Ibiza is hedonistic and not the sort of place you would think someone like me would go whilst trying to stay well and healthy. But it is one of my rituals now. Six years ago we decided to go to the Es Vive hotel and now they are like family. Pete and I love the staff there, many of which are such good friends. We seem to make such lifelong friends there and this year we went to surprise some of those friends on their honeymoon.
I always leave feeling like I am ready to come home. This year is no different but I do always feel so sad about leaving. A year is a long time to wait for our next visit and I am not sure my body could handle two visits in one year! This time though I felt really emotional (probably spurred on by my tearful friends) It was a feeling of will I ever see them again?
Maybe I am over tired (quite likely) and had too much alcohol (highly likely) but I did feel incredibly choked. We all did. Boys and all…. Maybe we are all just getting soft in our old age. Or maybe the Irish are just more sensitive than us English folk..but whatever it was my eyes are still damp from tears.
Saying goodbye gets harder.
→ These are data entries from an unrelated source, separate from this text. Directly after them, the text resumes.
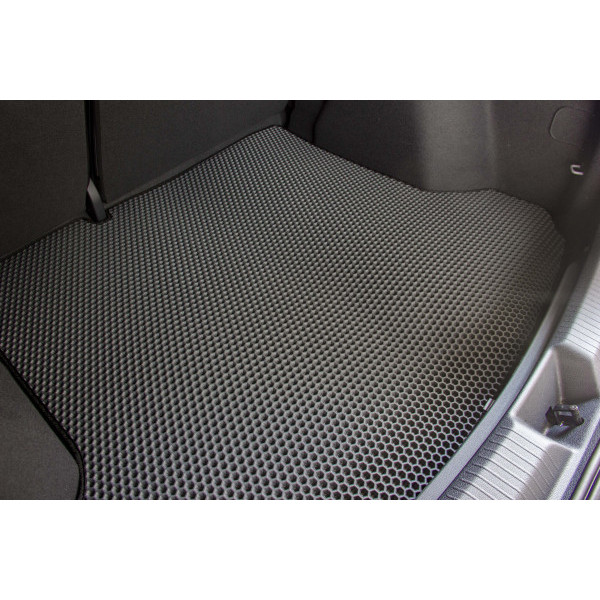 Фото - EVA килимок в багажник авто EVAtech для ID.4 GTX Volkswagen 2020 1 покоління SUV EU (VW42657B1SBB)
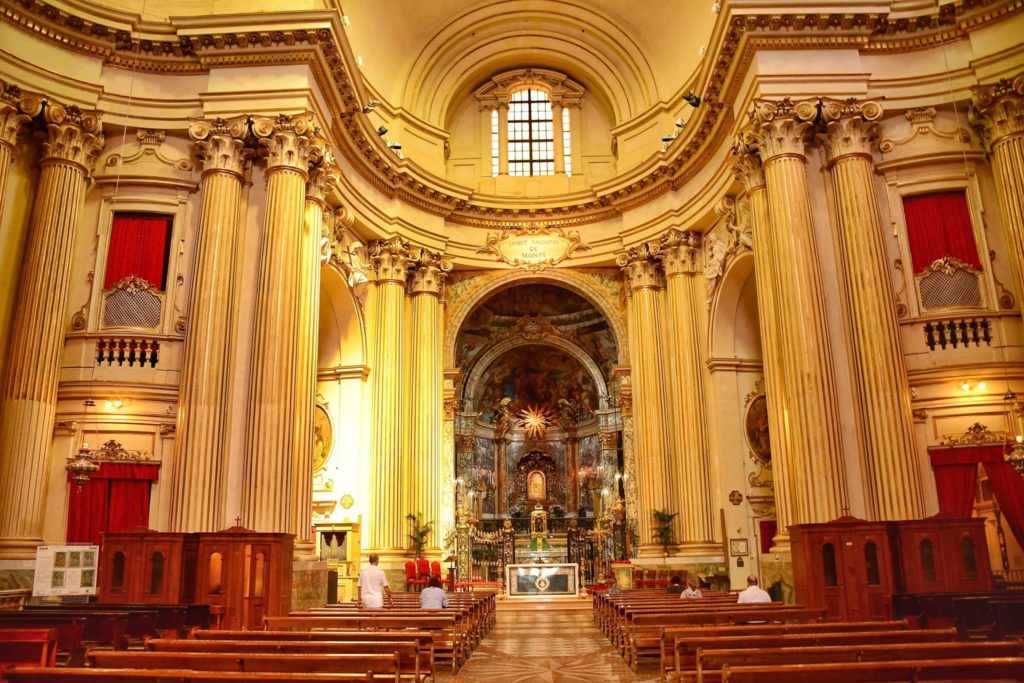 Sanktuarium Madonna di San Luca
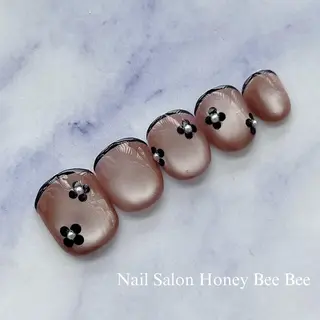 ネイル Nail salon Honey Beeのネイルデザイン
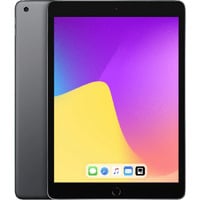 Apple iPad (64GB) Generalüberholt, Tablet-PC grau, LTE, Gen 9 / 2021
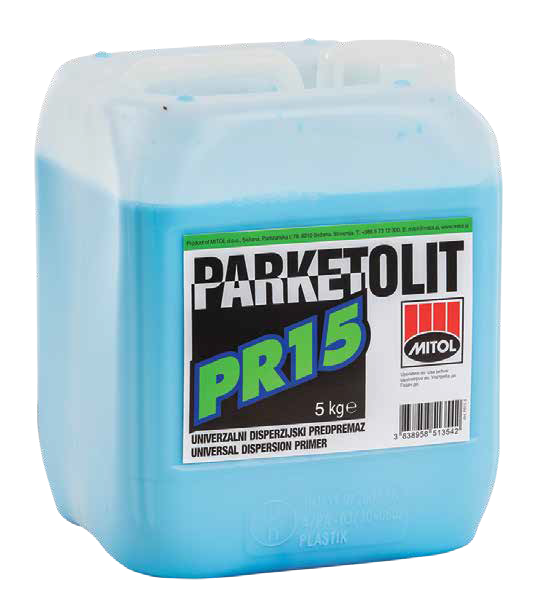 Parketolit PR15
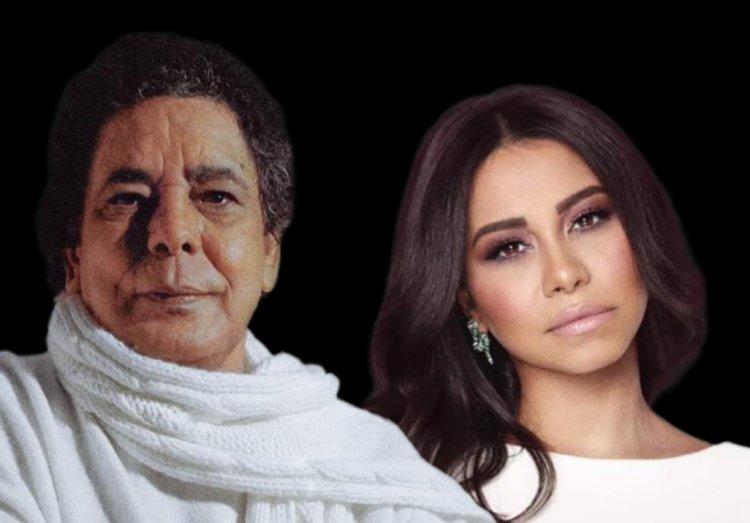 "عايز كشري".. محمد منير يتصدر الترند بعد طلبه من شيرين عبد الوهاب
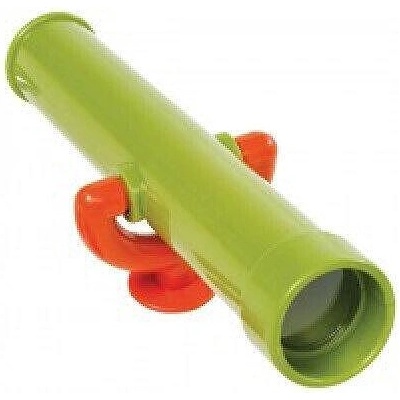 Kbt - Белгия Детски телескоп за игра цвят лайм, kbt 500.020. 005.001 (500.020.005.001)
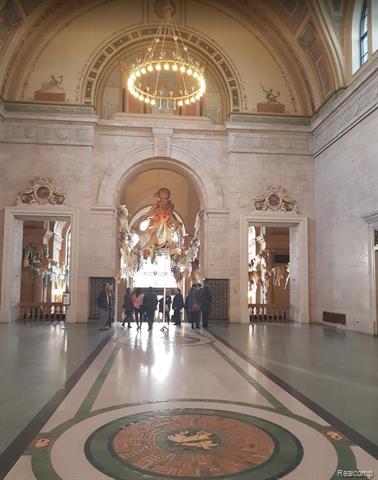 Builiding view twenty nine for 438 Selden, Detroit, MI. 48201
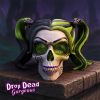 Drop Dead Gorgeous - Beetles and Bugs 19cm Skulls Gifts Under £100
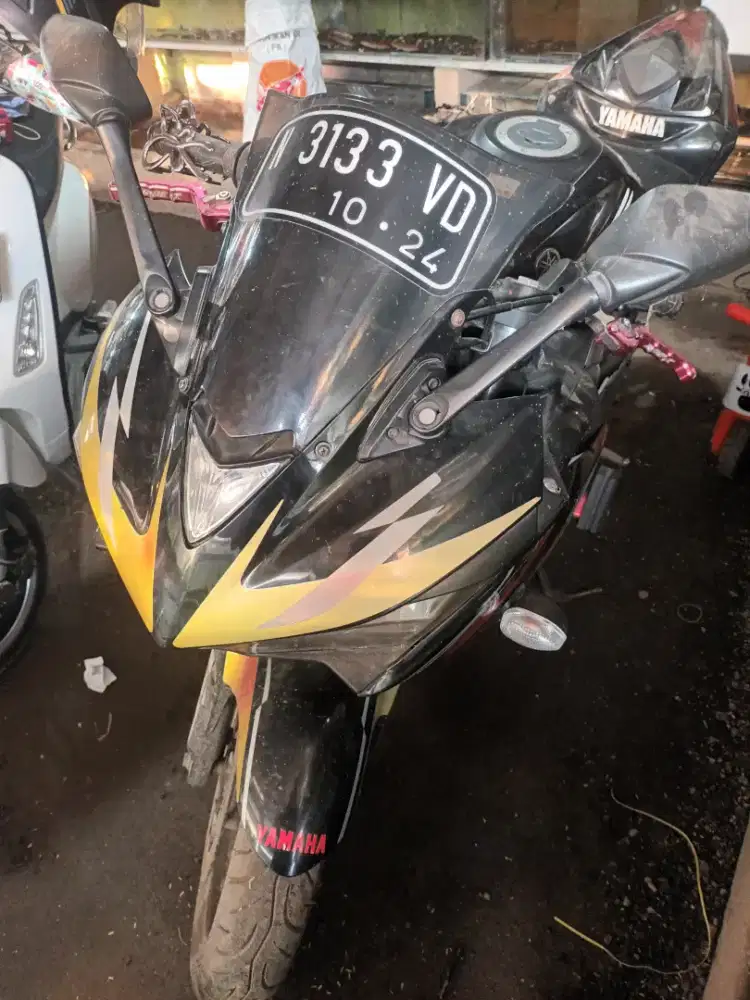 Jual motor bekas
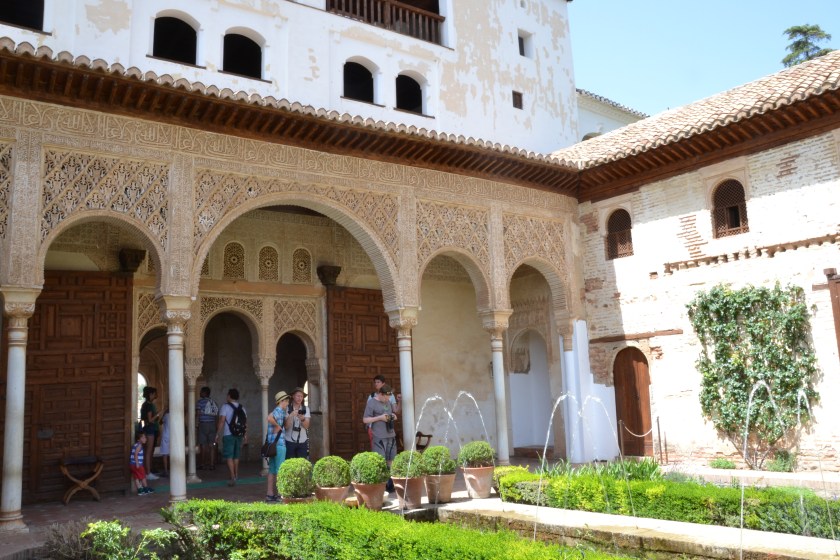 Alhambra Granada Andalousie NantaiseàParis (16)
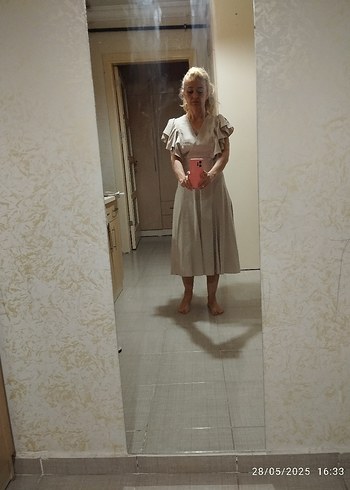 günlük elbise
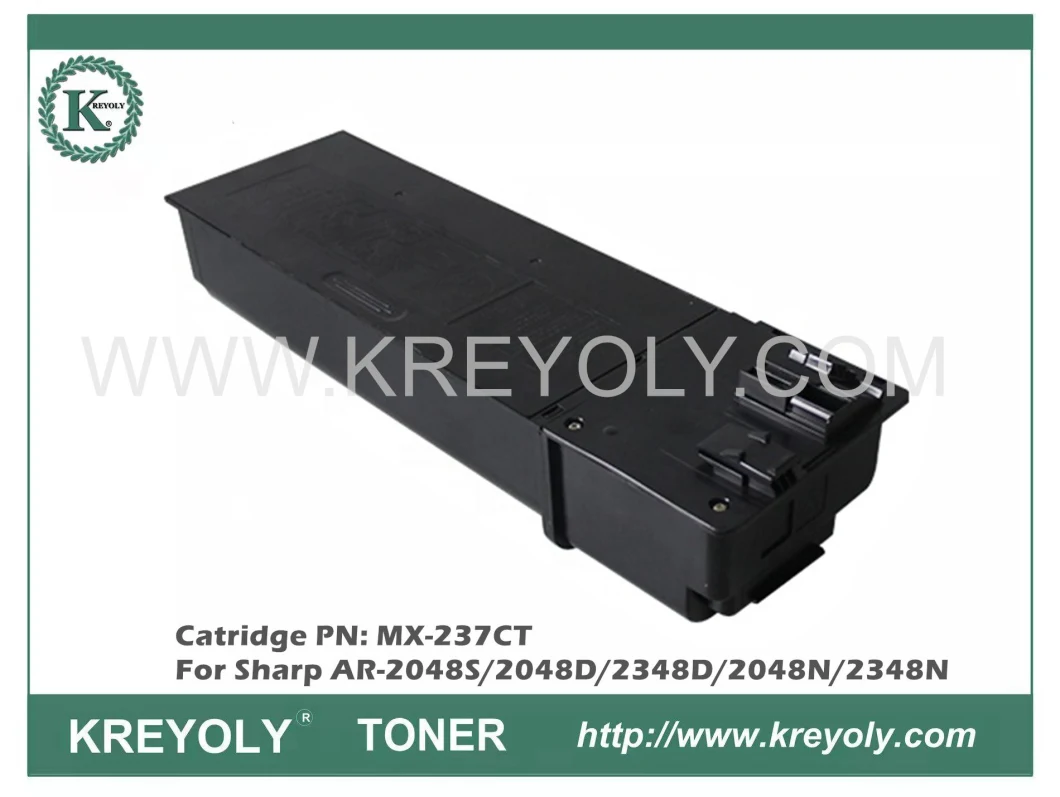 Copier Toner MX-237CT for Sharp AR-2048S/2048D/2348D/2048N/2348N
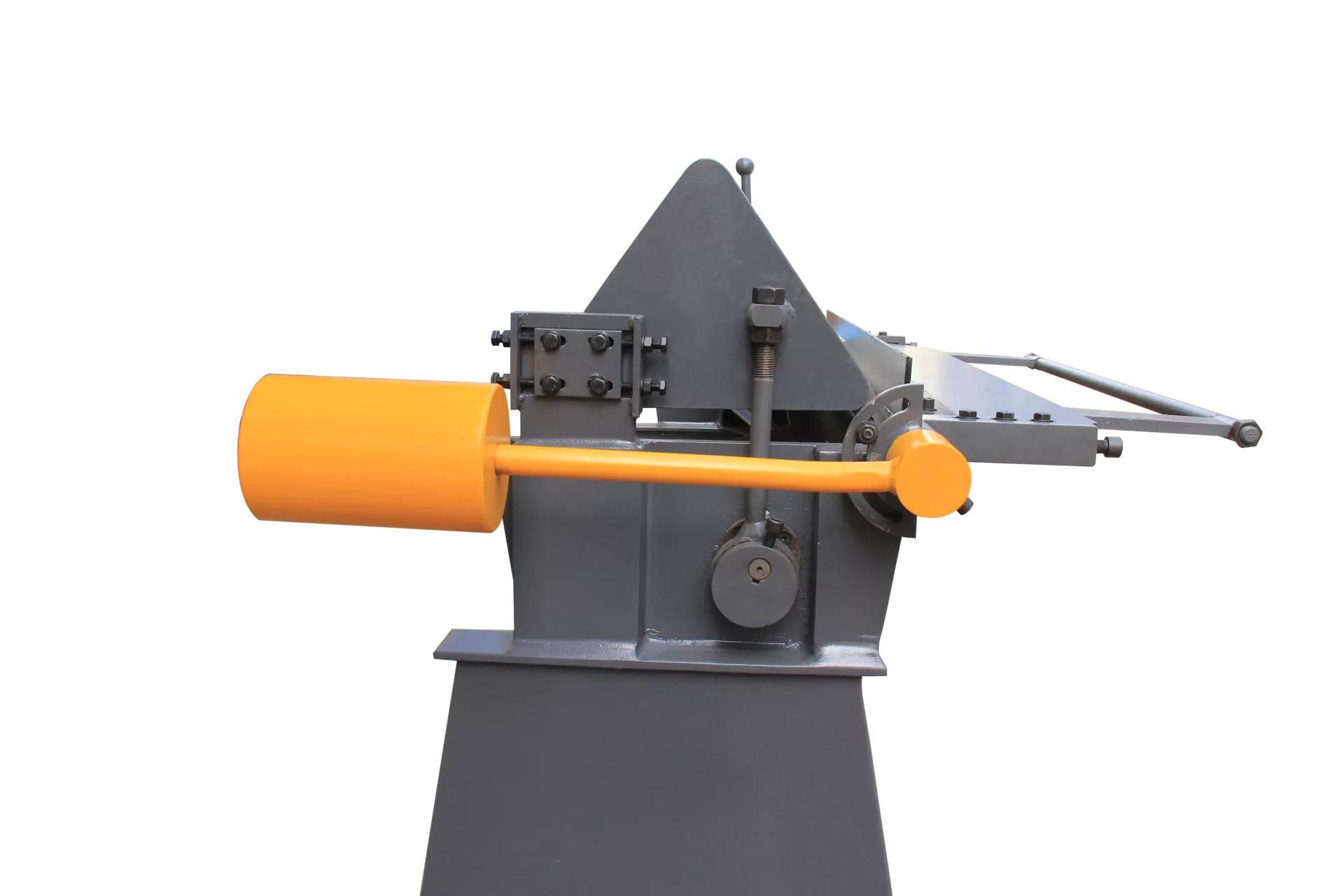 Ttmc W1.2X1500H Pan and Box Brake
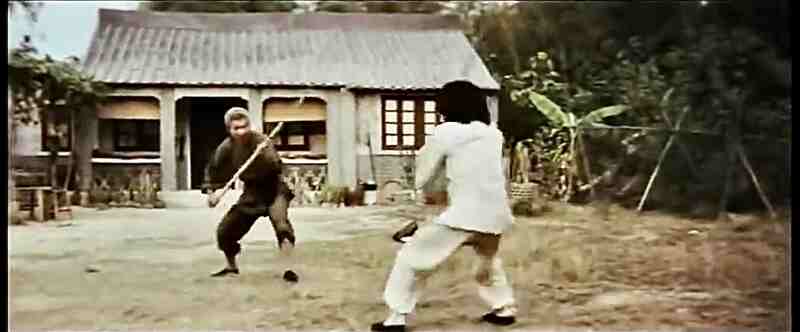 She mao he hun xing quan (1980) Screenshot 2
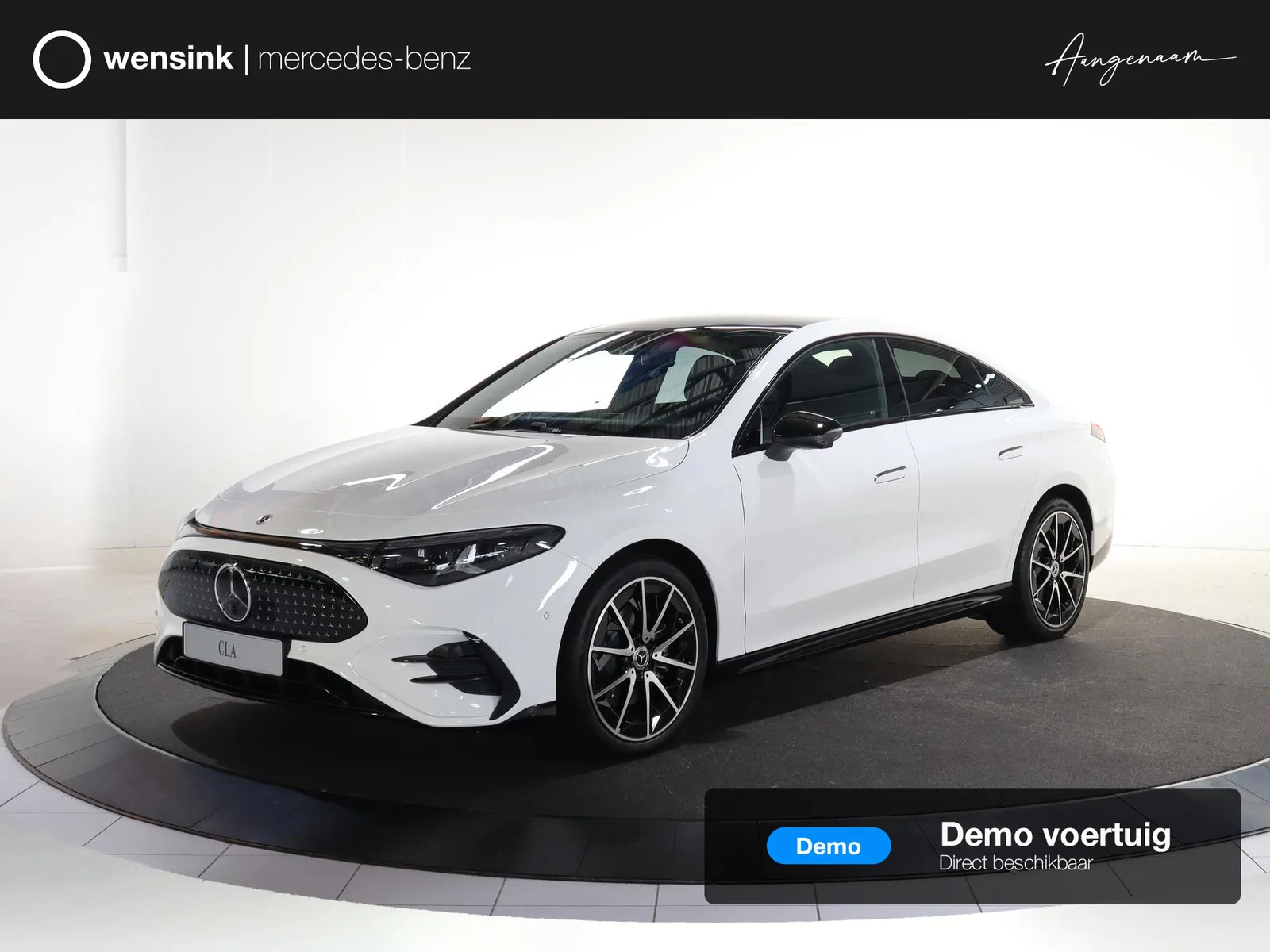Mercedes-Benz CLA-Klasse (2025) — foto 1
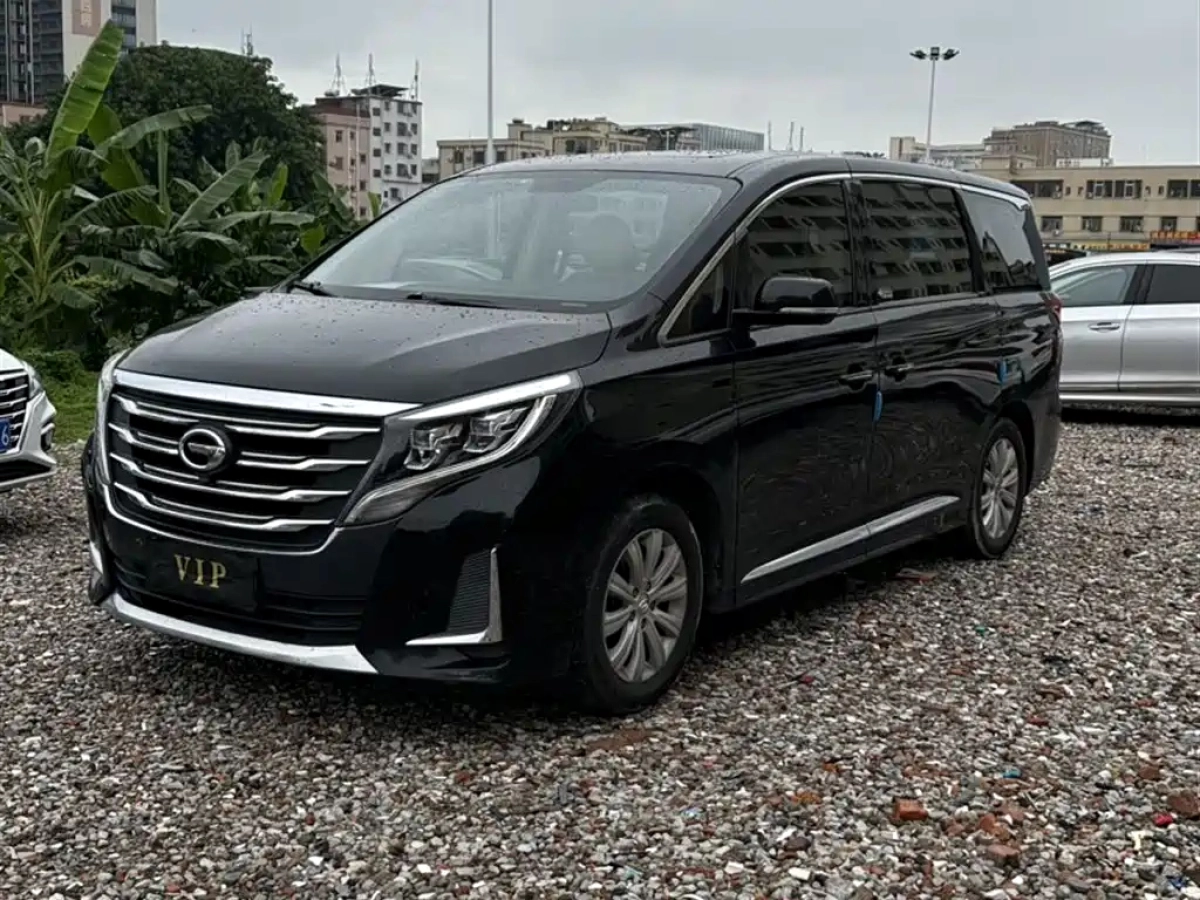 TRUMPCHI M8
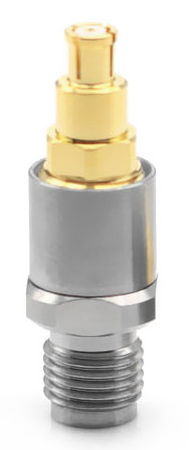 Коаксиальный переход 2.92mm female-SMP female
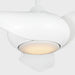 Myhouse Lighting Visual Comfort Fan - 3TNSM60RZWD - 60"Ceiling Fan - Topan Smart 60 LED - Matte White
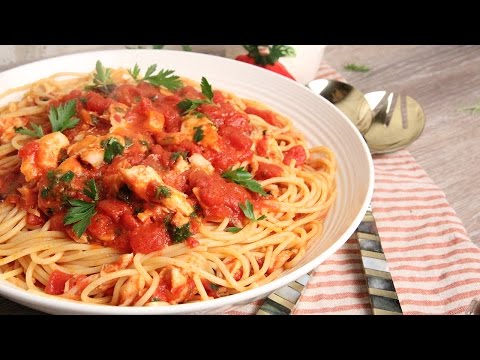 Cod Arrabbiata Recipe | Episode 1127 - UCNbngWUqL2eqRw12yAwcICg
Also the reality that the bubble I have just lived in for the last six days is about to burst and I remember there is a job to do; a full time job with many hours over time involving me, Pete and just about everyone who knows me. I have to focus, plan and have the end goal in sight. It requires a steely determination and a mind that will never stop till the job is done.
But whilst I sit here on this plane I smile at how much fun I have just had. I have laughed till my sides hurt and my cheeks ached. I danced to my favourite tunes in the sun surrounded with the most loving, happy people. That’s something that will keep me going for months, years even. I will never forget how contented I have felt and carefree.
CanSer never leaves my thoughts but it was only in the corner of my mind. It’s time to make my body clean, fight with all my might and be strong and healthy as everyone says I look.